Meanwhile, expectations for lodging (-7%), private office (-14%), and retail (-18%) are negative—meaning labor demand in those sectors will not offset the tightness created by the booming categories above.

More than four out of five AGC survey respondents (82%) report difficulty filling hourly craft positions, and 80% report difficulty filling salaried openings—the highest proportions in the past three years.

Technology Investment as a Partial Response

Construction firms are increasingly turning to technology to manage the productivity gap that workforce shortages create. AGC's survey found that 61% of respondents say their firms are using artificial intelligence or plan to increase investment in it, up from 44% the year prior. AI is most commonly applied to office and administrative functions, estimating, and preconstruction activities.

"AI is becoming an increasingly important tool for construction firms facing tighter labor markets and more complex projects," said Julie Adams, senior vice president of construction and real estate solutions at Sage. "Firms are using technology to improve efficiency, manage risk, and maintain productivity in a more uncertain environment."

Implications for Owners, Developers, and Contractors

For project owners and developers, the workforce gap creates schedule risk that is distinct from—and compounds—materials cost uncertainty. Projects in electrically intensive categories, such as data centers, semiconductor fabs, and healthcare, should be assessed for realistic subcontractor bench depth, not just price.
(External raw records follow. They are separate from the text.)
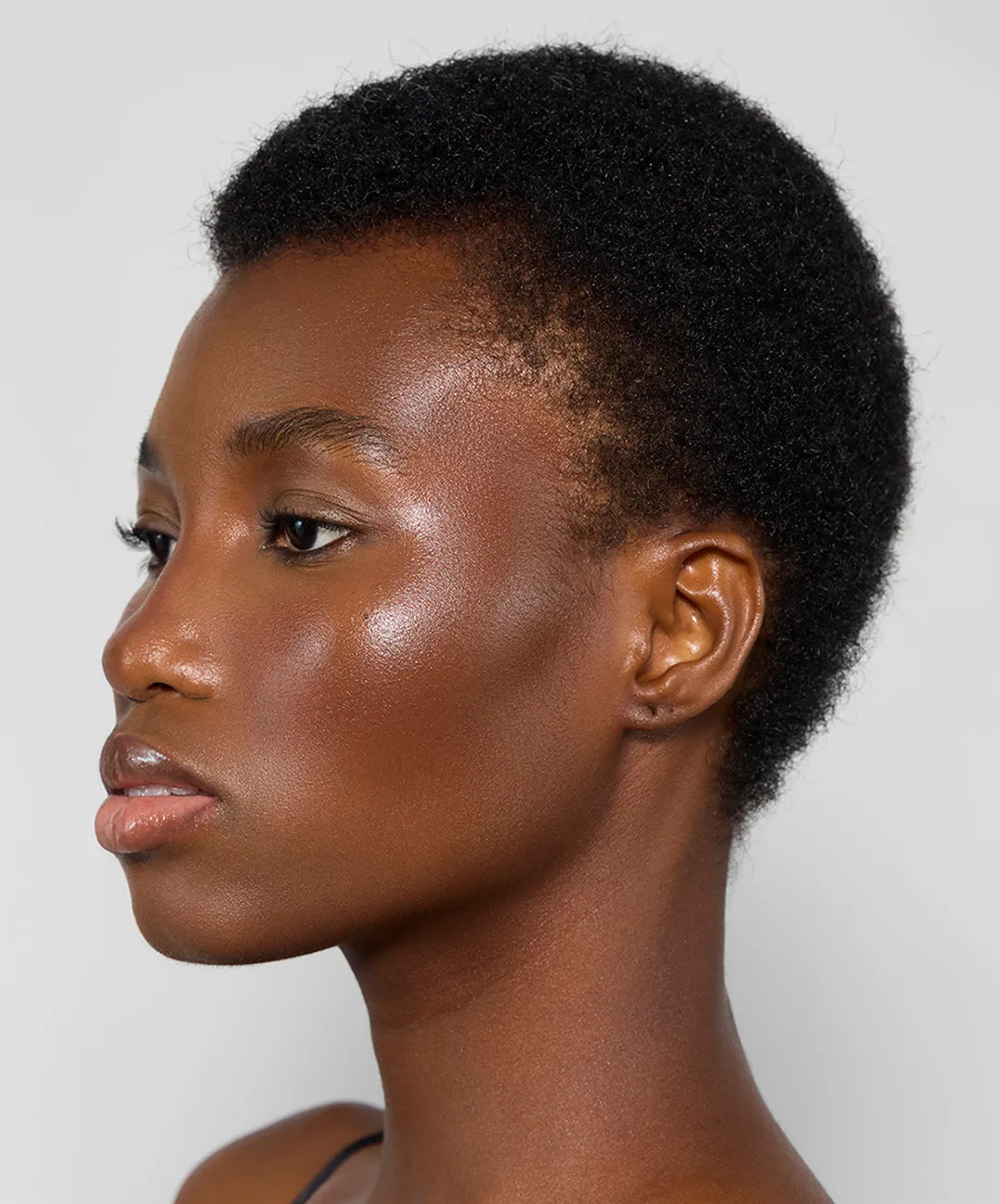 REFY Beauty Gloss Highlighter glass glow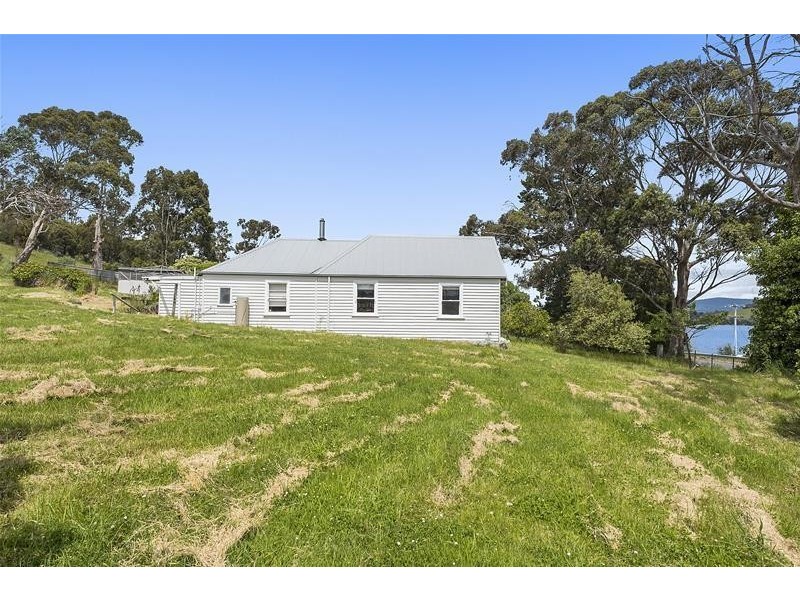 7160 Channel Highway, Gardners Bay TAS 7112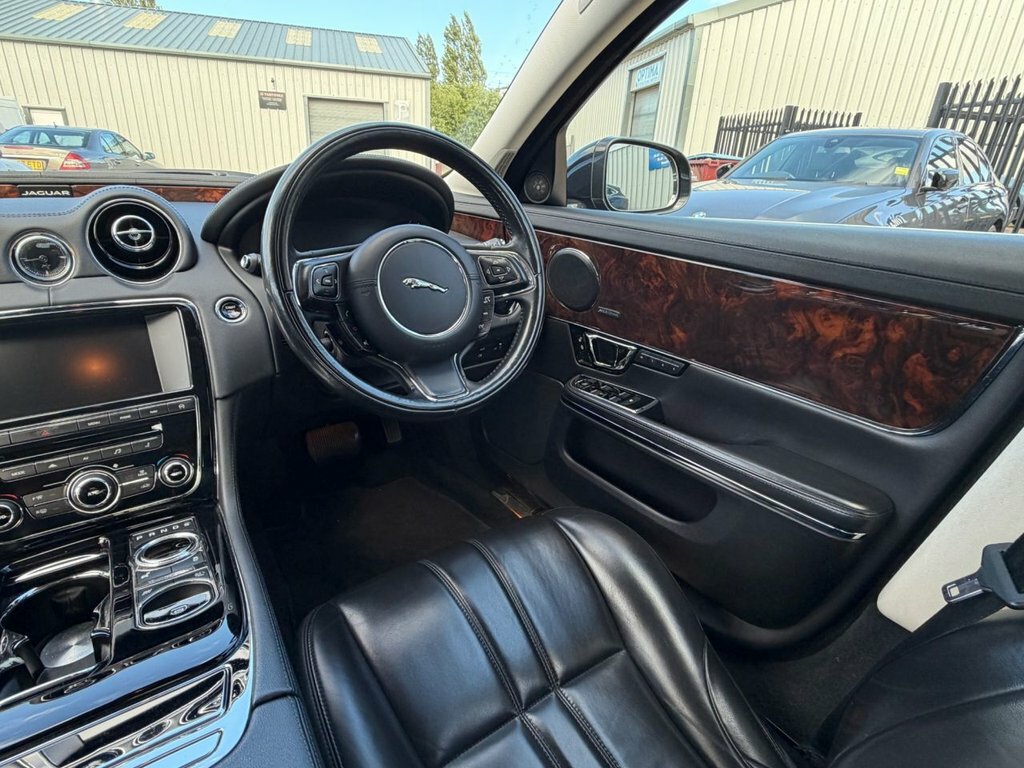 Jaguar XJ Saloon Black #18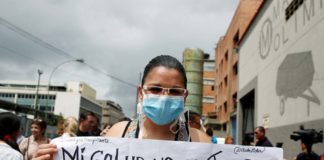 Pacientes trasplantados clamaron por medicinas en la Asamblea Nacional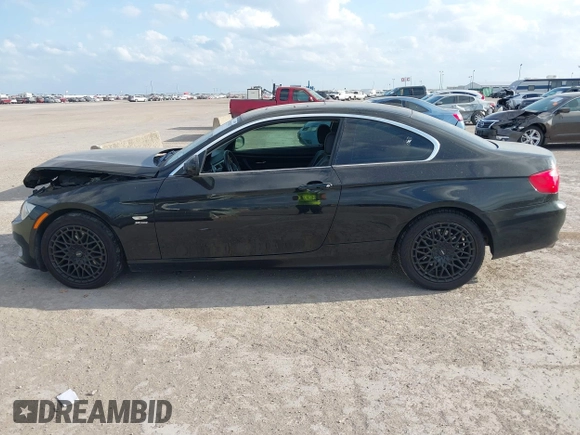 2013 BMW 3 Series 328i xDrive with VIN WBAKF3C56DJ385545, listed as a IAAI auction lot 40735031 with 156,826 mi miles. Bid and sale history available at carsss.com. Image 14.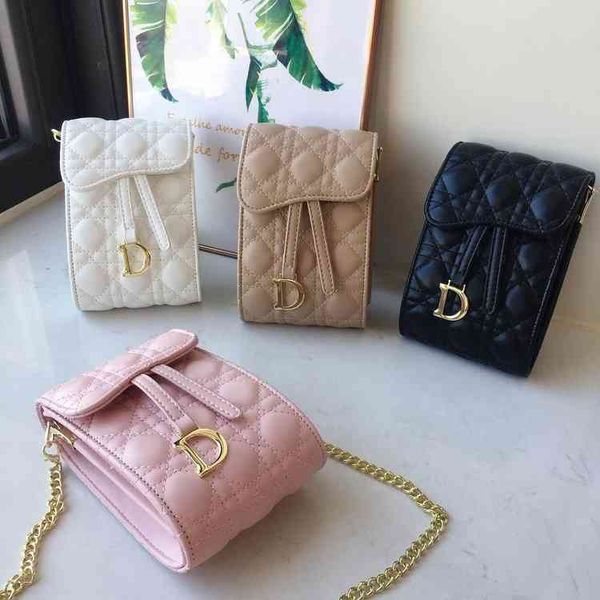 2022 new designer handbags lingge chain women's shoulder candy color size set summer new change mobile phone small
2022 new designer handbags lingge chain women's shoulder candy color size set summer new change mobile phone small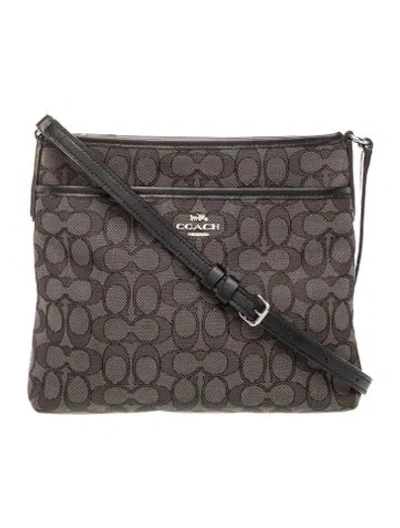Pre-owned Coach Canvas Messenger Bag In Black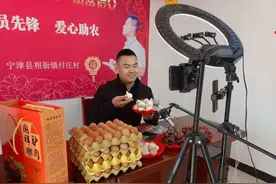 “地摊书记”变身“带货达人”！宁津90后村支书直播带货助农图片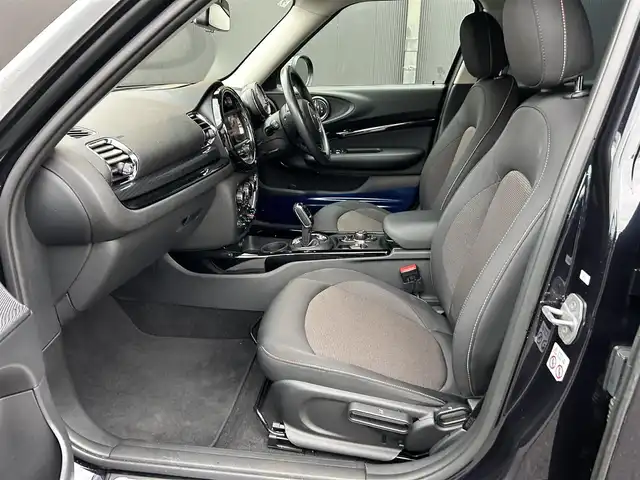 ＭＩＮＩ ＢＭＷ ミニ クラブマン クーパーD 香川県 2020(令2)年 4.4万km MINI Yoursエニグマティックブラック ペッパーパッケージ/コンフォートアクセス/純正ナビ/Bカメラ/ETC/インテリジェンスセーフティ/ACC/パークアシスト/ブラック17インチAW/LEDヘッドライト/フォグライト/アンビエントライト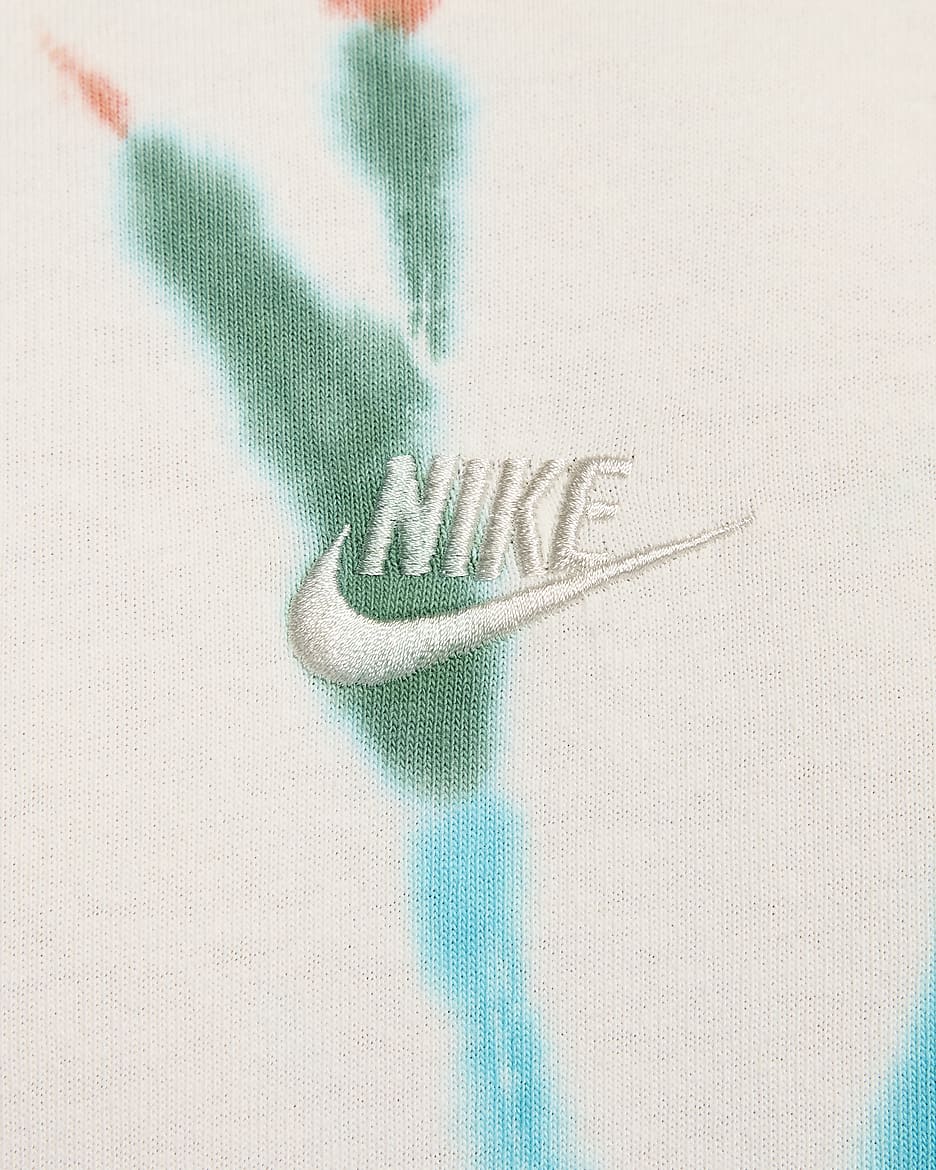 Nike pastel shirt best sale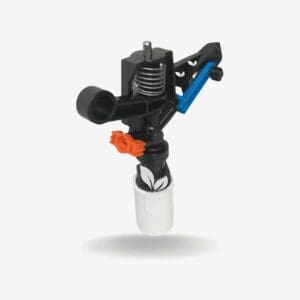 El aspersor plástico con cortachorro de 1/2” y dos salidas es una solución eficiente para sistemas de riego en huertas, cultivos y jardines.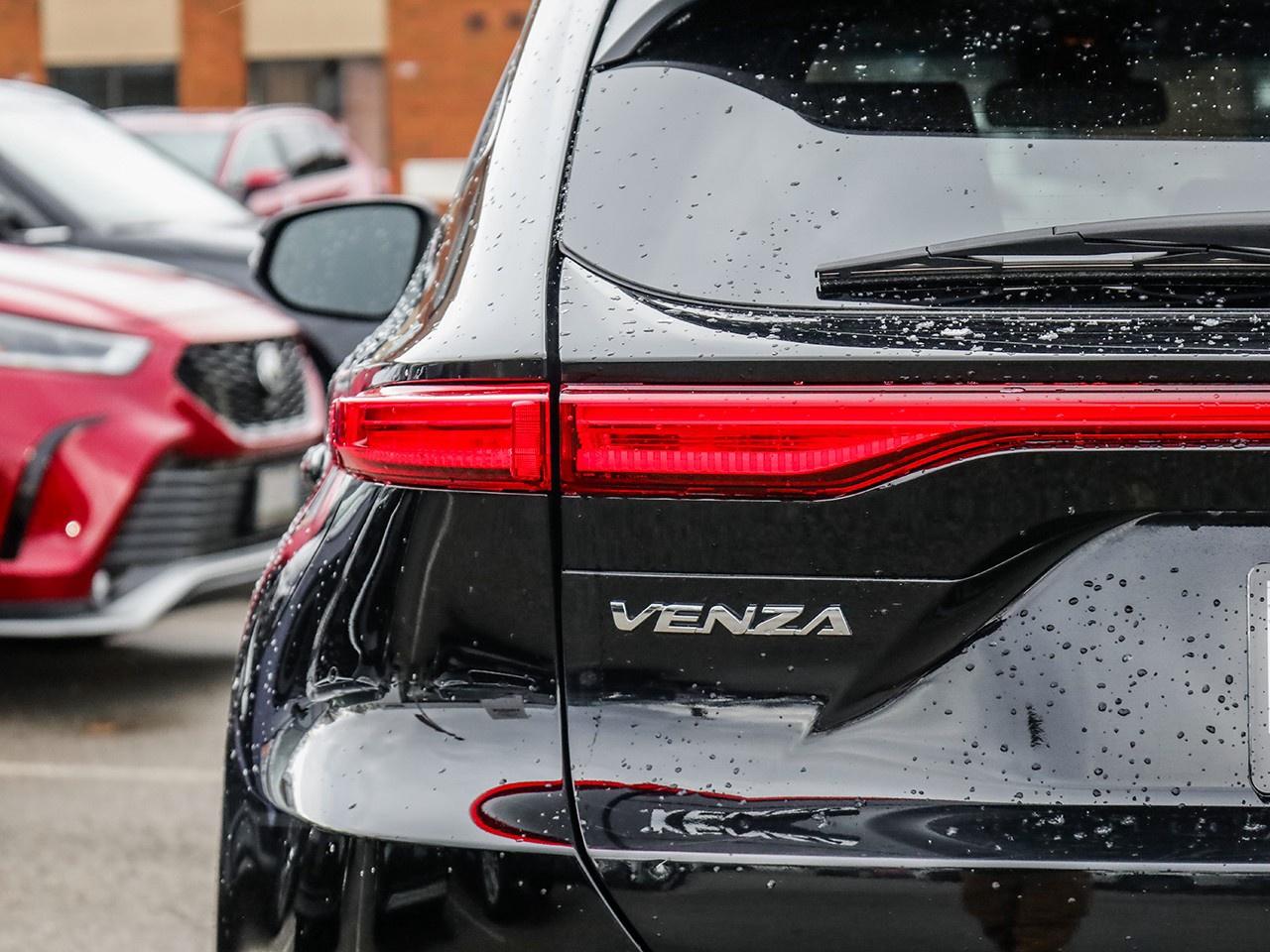 2024 Toyota Venza LE Photo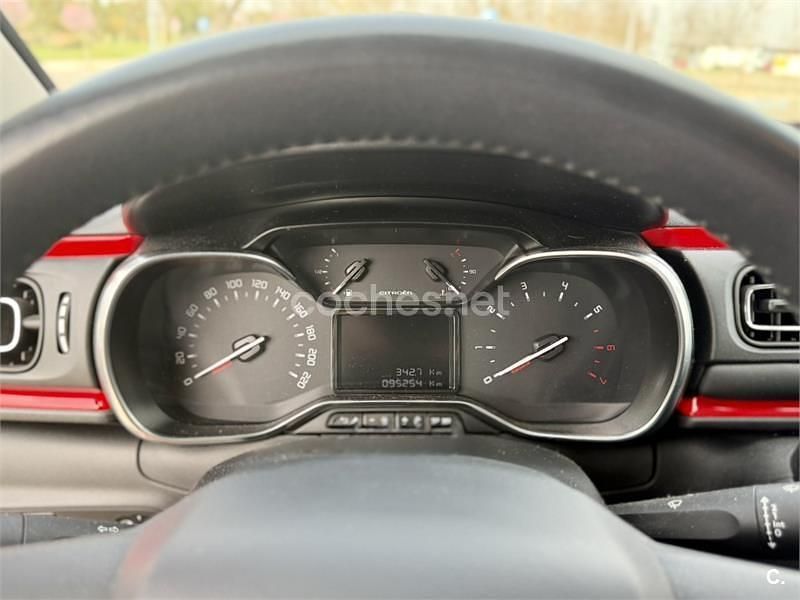Usado Citroën C3 Feel 82 CV (60 kW) 2019 Rojo Utilitario
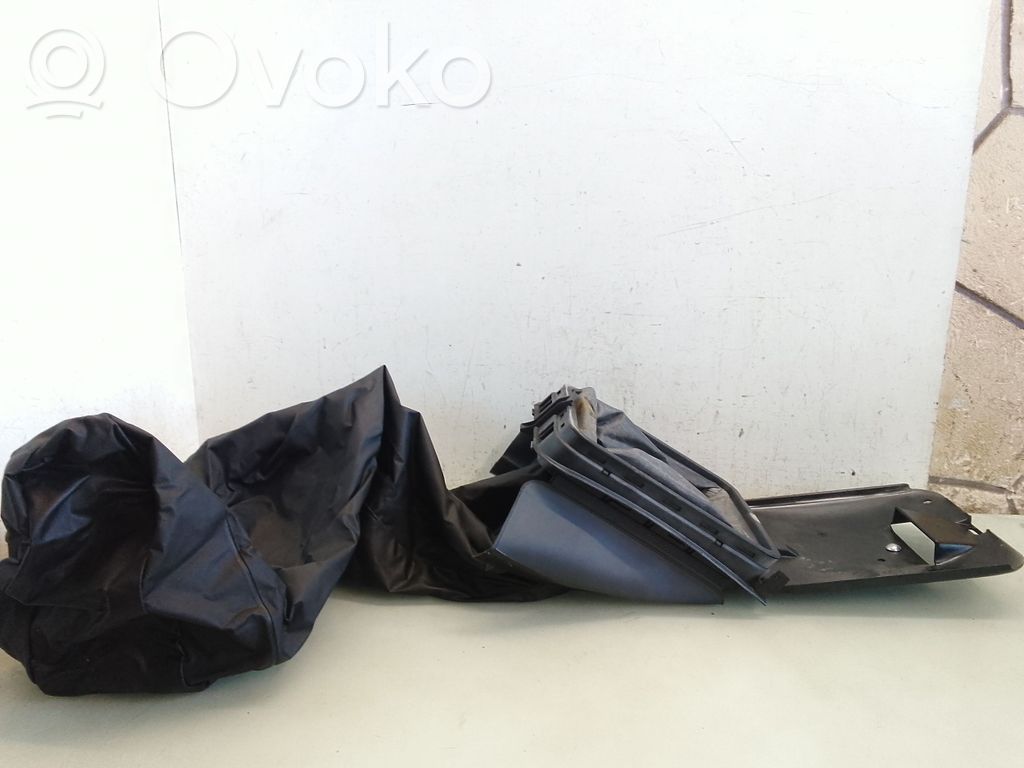 Audi A8 S8 D2 4D Schowek bagażnika 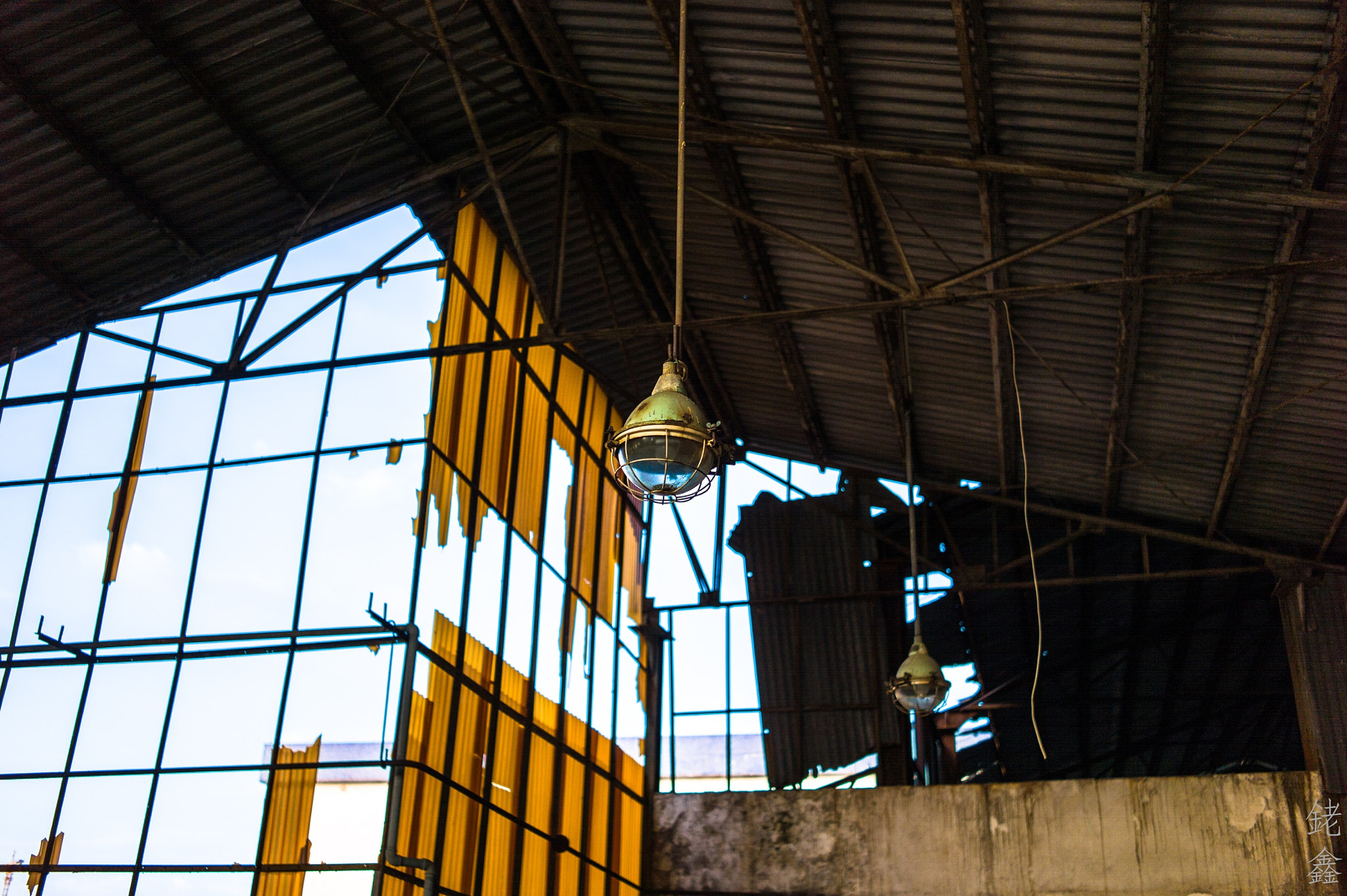 Leica Summarit-M 35mm F2.5 sample photo. Forgotten glory photography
Early trade partner engagement and longer procurement timelines are becoming standard risk management tools.

For general contractors, the 2026 environment favors firms that can demonstrate self-perform capacity, strong apprenticeship pipelines, and stable subcontractor relationships. Firms entering competitive bid environments without locked subcontractor commitments face both pricing and schedule exposure.

For workforce development programs, the ABC and AGC assessments point to three policy levers: a market-based temporary worker visa program for construction trades, expanded registered apprenticeship investment, and reskilling programs targeted at workers from contracting sectors such as retail construction.

What to Watch Next

The August BLS employment situation report will be the first to capture whether summer 2026 construction hiring has narrowed the equilibrium gap identified by ABC's model. Congressional action—or inaction—on a temporary construction-specific work visa program will shape the labor supply picture for 2027 and beyond, with ABC and AGC both making this a top legislative priority. Monthly BLS job openings and labor turnover survey (JOLTS) data for construction will be the most current indicator of how tightly the market is running month to month.

Bottom Line

The 349,000-worker gap ABC identifies for 2026 is not primarily about construction spending growth—it is a retirement and enforcement story. The industry is losing experienced workers to age and policy simultaneously, while demand from the most technically demanding project types is rising fastest. Firms that treat workforce development as a strategic function rather than a cost center are best positioned for the escalating competition for skilled labor in 2026 and 2027.